U.S.-China Trade Talks

During a May 30 press conference with the Ministry of Commerce, Gao was asked about the progress of U.S.-China trade talks. He answered: “The talks have encountered serious setbacks.”

Gao also criticized the United States heavily and said the trade talks have reached a stalemate.

Trade tensions recently escalated after U.S. President Donald Trump announced in early May that it would increase tariff rates to 25 percent from 10 percent on $200 billion worth of Chinese goods. U.S. officials said the Chinese side had reneged on commitments previously negotiated during months of talks.

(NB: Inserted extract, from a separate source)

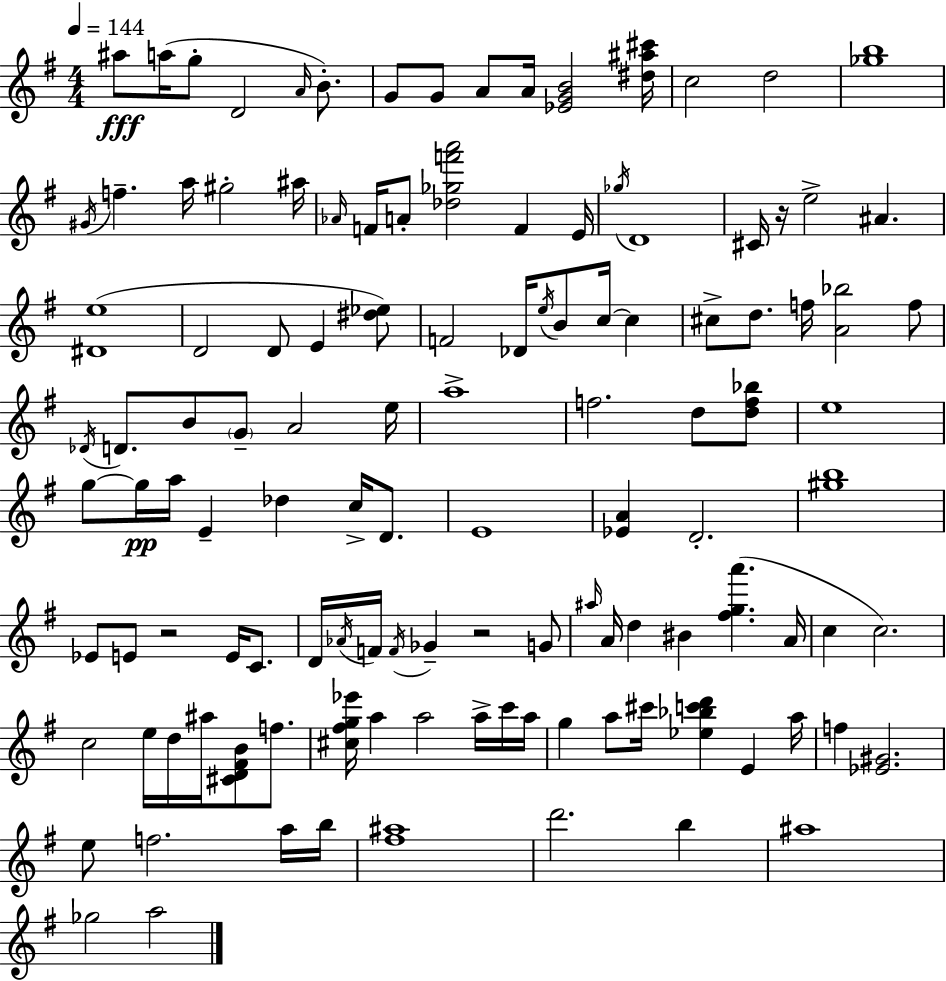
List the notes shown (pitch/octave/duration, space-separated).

A#5/e A5/s G5/e D4/h A4/s B4/e. G4/e G4/e A4/e A4/s [Eb4,G4,B4]/h [D#5,A#5,C#6]/s C5/h D5/h [Gb5,B5]/w G#4/s F5/q. A5/s G#5/h A#5/s Ab4/s F4/s A4/e [Db5,Gb5,F6,A6]/h F4/q E4/s Gb5/s D4/w C#4/s R/s E5/h A#4/q. [D#4,E5]/w D4/h D4/e E4/q [D#5,Eb5]/e F4/h Db4/s E5/s B4/e C5/s C5/q C#5/e D5/e. F5/s [A4,Bb5]/h F5/e Db4/s D4/e. B4/e G4/e A4/h E5/s A5/w F5/h. D5/e [D5,F5,Bb5]/e E5/w G5/e G5/s A5/s E4/q Db5/q C5/s D4/e. E4/w [Eb4,A4]/q D4/h. [G#5,B5]/w Eb4/e E4/e R/h E4/s C4/e. D4/s Ab4/s F4/s F4/s Gb4/q R/h G4/e A#5/s A4/s D5/q BIS4/q [F#5,G5,A6]/q. A4/s C5/q C5/h. C5/h E5/s D5/s A#5/s [C#4,D4,F#4,B4]/e F5/e. [C#5,F#5,G5,Eb6]/s A5/q A5/h A5/s C6/s A5/s G5/q A5/e C#6/s [Eb5,Bb5,C6,D6]/q E4/q A5/s F5/q [Eb4,G#4]/h. E5/e F5/h. A5/s B5/s [F#5,A#5]/w D6/h. B5/q A#5/w Gb5/h A5/h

After two-days talks in Washington D.C. ending on May 10, the negotiating teams from both parties could not reach an agreement.

In retaliation, China announced on May 13 that it would increase tariffs ranging from 5 to 25 percent on 5,140 U.S. products, worth about $60 billion beginning June 1.

The United States has also begun the process for imposing new tariffs on an additional $325 billion worth of Chinese goods.

Negotiation Tactic

Robert Atkinson, president of Washington-based think tank Information Technology and Innovation Foundation, said the announcement was a negotiation tactic ahead of scheduled trade talks between Trump and Chinese leader Xi Jinping at the G-20 summit in Japan in June.

“That’s how they negotiate. They do this all the time,” Atkison told the Epoch Times in a May 31 interview.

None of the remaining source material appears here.